● Exercise requirements
In the data below, the answer is the run of lines from the line containing "buy-pluryal-mesoline-bodyfirm-5ml-bodytight-from-vl-rade-belgium" through the line containing "CURSO ESPECIALIZADO EN", both included; print it exactly and nothing else.

● Exercise materials
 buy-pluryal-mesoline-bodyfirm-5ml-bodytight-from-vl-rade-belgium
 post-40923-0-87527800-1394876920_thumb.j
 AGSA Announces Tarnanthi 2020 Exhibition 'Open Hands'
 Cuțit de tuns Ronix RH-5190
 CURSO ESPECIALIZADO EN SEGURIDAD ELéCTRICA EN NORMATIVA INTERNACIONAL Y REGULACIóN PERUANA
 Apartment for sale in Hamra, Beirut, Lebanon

...

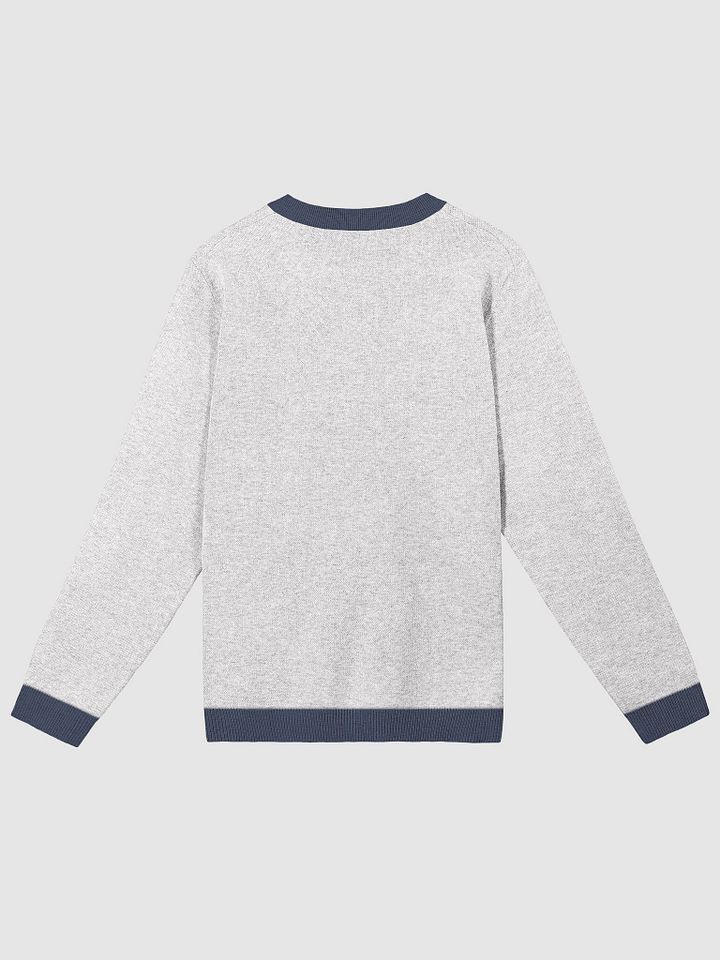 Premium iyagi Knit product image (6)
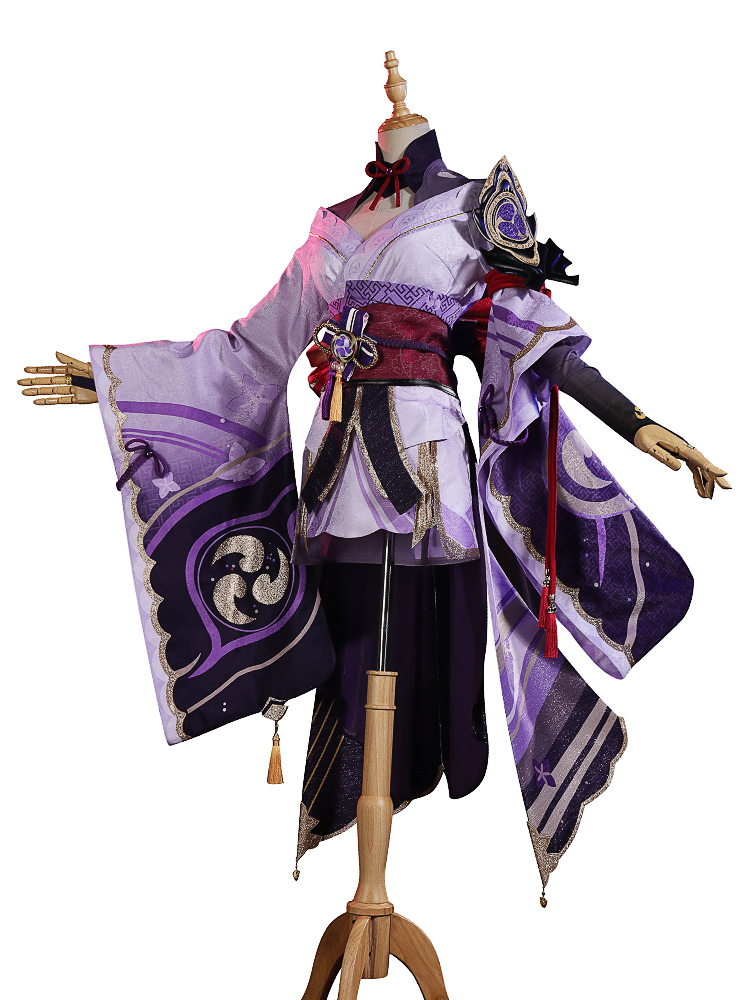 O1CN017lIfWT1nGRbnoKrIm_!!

* * *

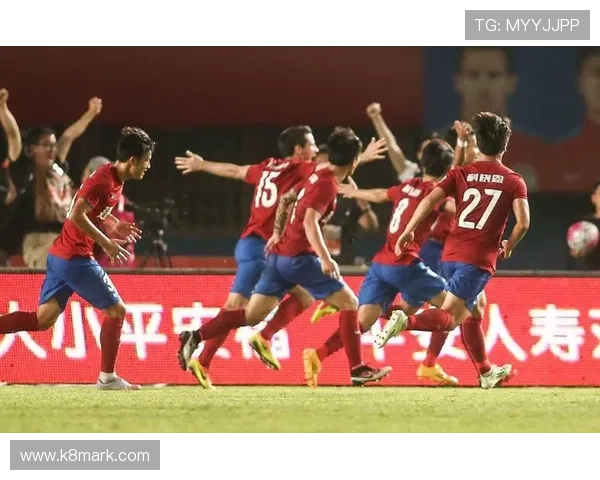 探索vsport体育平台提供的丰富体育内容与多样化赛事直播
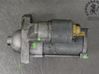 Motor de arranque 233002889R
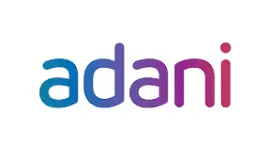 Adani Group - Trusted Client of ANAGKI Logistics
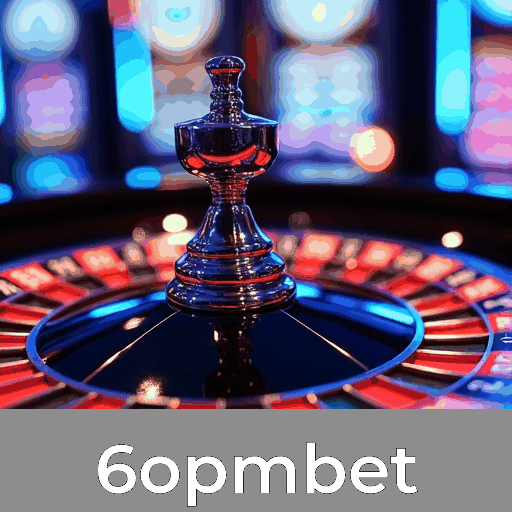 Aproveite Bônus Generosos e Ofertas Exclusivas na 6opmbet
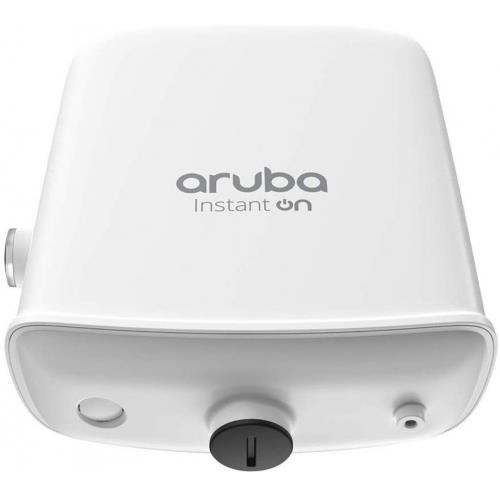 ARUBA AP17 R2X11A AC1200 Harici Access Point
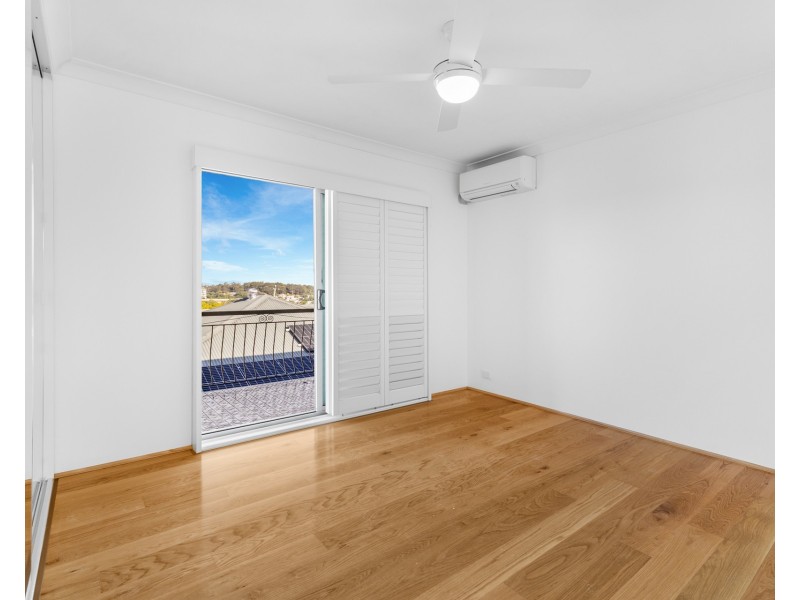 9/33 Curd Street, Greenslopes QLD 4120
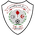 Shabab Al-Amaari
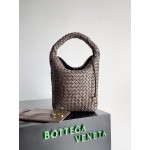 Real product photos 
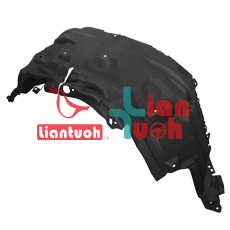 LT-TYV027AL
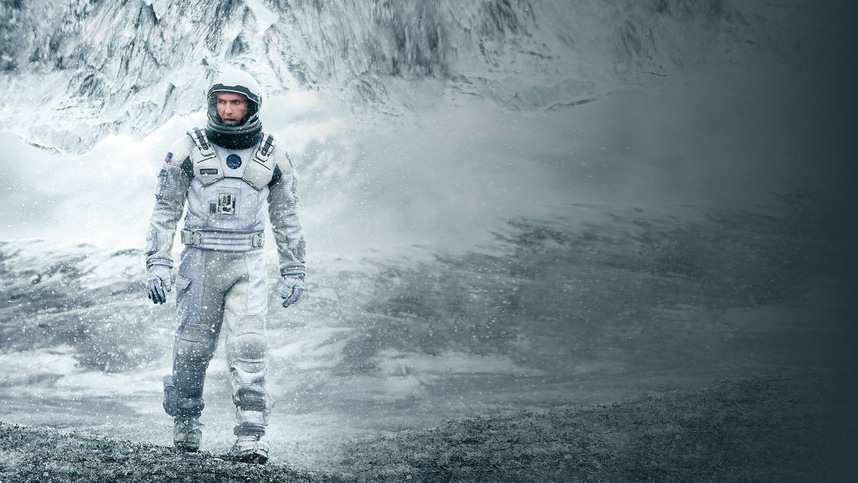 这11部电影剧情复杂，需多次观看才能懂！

● Exercise output
 buy-pluryal-mesoline-bodyfirm-5ml-bodytight-from-vl-rade-belgium
 post-40923-0-87527800-1394876920_thumb.j
 AGSA Announces Tarnanthi 2020 Exhibition 'Open Hands'
 Cuțit de tuns Ronix RH-5190
 CURSO ESPECIALIZADO EN SEGURIDAD ELéCTRICA EN NORMATIVA INTERNACIONAL Y REGULACIóN PERUANA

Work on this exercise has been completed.